Overall, it is very difficult to defeat an incumbent Congressman, especially in a year in which no major partisan wave (either Democratic or Republican) appears to be emerging. The primary provides a roadmap for the Strouse team but Fitzpatrick is a political veteran who has run (and won) several races in Bucks.

No matter the outcome, PA-8 could very well be the most entertaining race on election night.

6 Responses

  1. Strouse’s task is the same as that faced by every Democrat who has ever won this district since 1932. Well, alright both of them. In fact because of the improved voter registration his task is easier. It’s an obvious and simple formula. He has to maximize the Democratic vote south of route one, make substantial inroads with the independents and pick up somewhere between 8% and 12% of the Republicans, mostly in central Bucks and along the river from Yardley to Tinicum. Even falling short of these goals he can still win because of the changed registration numbers. The way to do that, in my humble opinion is to wage a relentless and merciless campaign against the incumbent based on his record on social and economic issues. That fight can be waged on the ground, but mostly it must be waged on the air. For more than half a century this district has sent progressive and thoughtful candidates to Congress from both parties. Strouse can make the case that he, not the incumbent is in the tradition of former US Reps Biester and Greenwood and the late State Sen Ed Howard on issues like choice, gay rights and the environment. Elections are about differences and these two candidates are fundamentally different. Strouse needs to convince voters to vote against the incumbent and his greatest weapon is the incumbent’s voting record, which despite an occasional and deliberate vote cast to make him appear moderate is in line with the House Republican majority, the most right wing and reactionary Congress since the one taken on by Harry Truman in 1948. This race is winnable and assuming he can raise the money, define Fitzpatrick for what he is and turn out the Democrats Strouse can win it.

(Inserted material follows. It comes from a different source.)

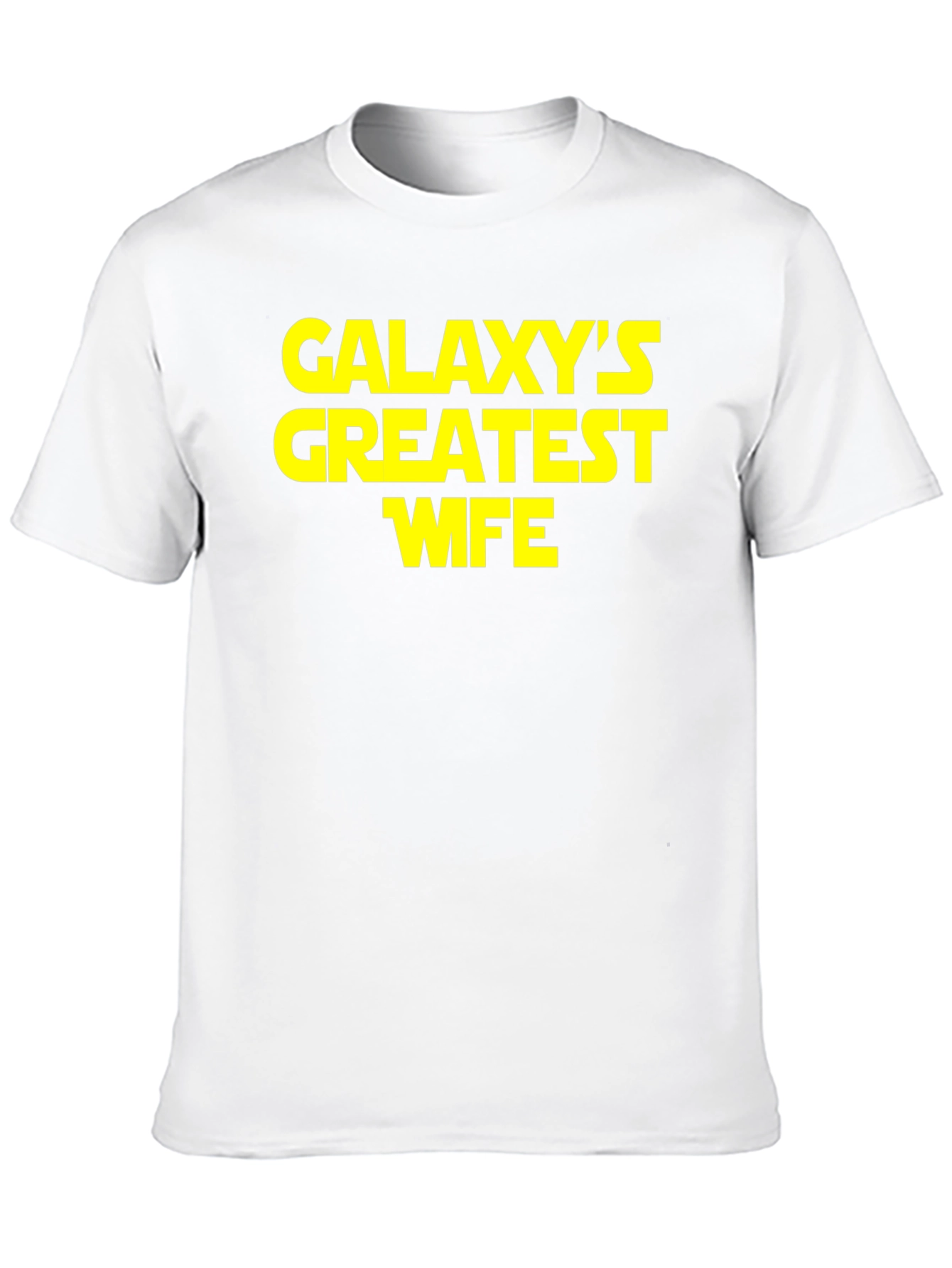 Galaxys Greatest Wife Black T-Shirt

  2. Strouse moved into Bensalem a week before he announced that he was running for Congress but eventually paid cash for a house in Middletown.

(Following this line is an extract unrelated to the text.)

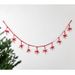 NUCHI Velvet Handmade Bow Garland - Bell Flag Christmas Tree Hanging Ornaments_voghion.com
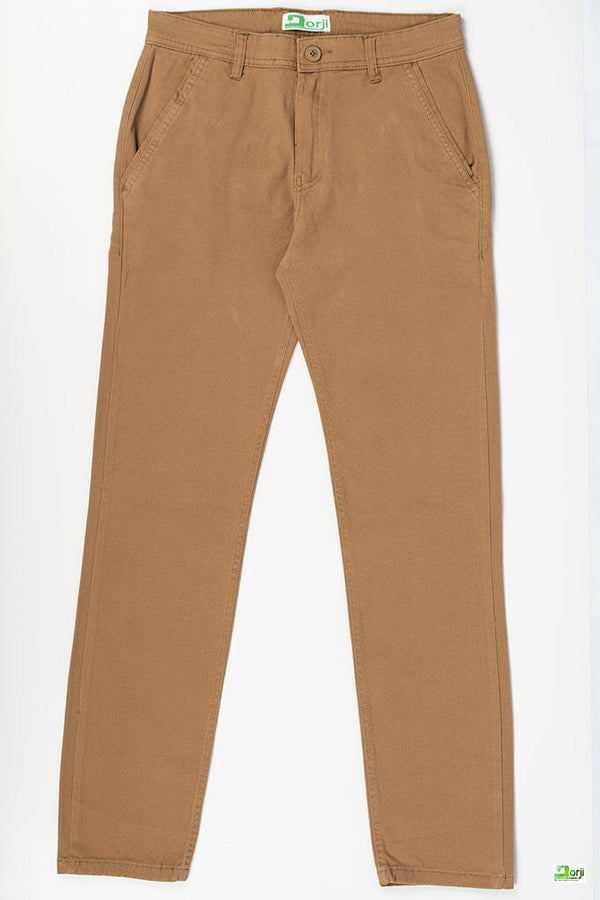 Men's Slim fit Wheat colours Chino Pants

  3. Fitzpatrick being a native of Levittown which encompasses 3 municipalities (Bristol, Falls, and Middletown Townships) and that he won Middletown, and was within 3 points of being even in both Falls and Bristol. This with Obama at the top of the ticket.
    Corbett may be a drain but Fitzpatrick out performed every candidate in the district by 10 points or more. Highly unlikely that Fitzpatrick will fall off and be defeated by a no name candidate who hails from an extremist 1%er family back ground.

    Fitzpatrick by 20

    Bucks Dems shoot themselves in the foot by nominating the worse of 2 candidates.

  4. Reasonable Rep- totall agree about the premise of the article. It would be fantastic thought to defeat Fitz and gain back the seat to further reduce the chances of a GOP majority in the House. Each Republican, no matter how moderate or reasonable he/she claims to be just empowers and enable the cuckoo birds. Sorry Fitz, but you have to go!

  5. Does the author realize that PA has closed primaries? He writes about Strouse having to “maintain his advantage” in certain areas, as if Strouse already faced the entire electorate (Dem/Rep/Ind) from those areas on May 20th.

    The geographical breakdown of a close primary election is interesting to see, but it in no way “provides a roadmap” to Strouse for winning a general election.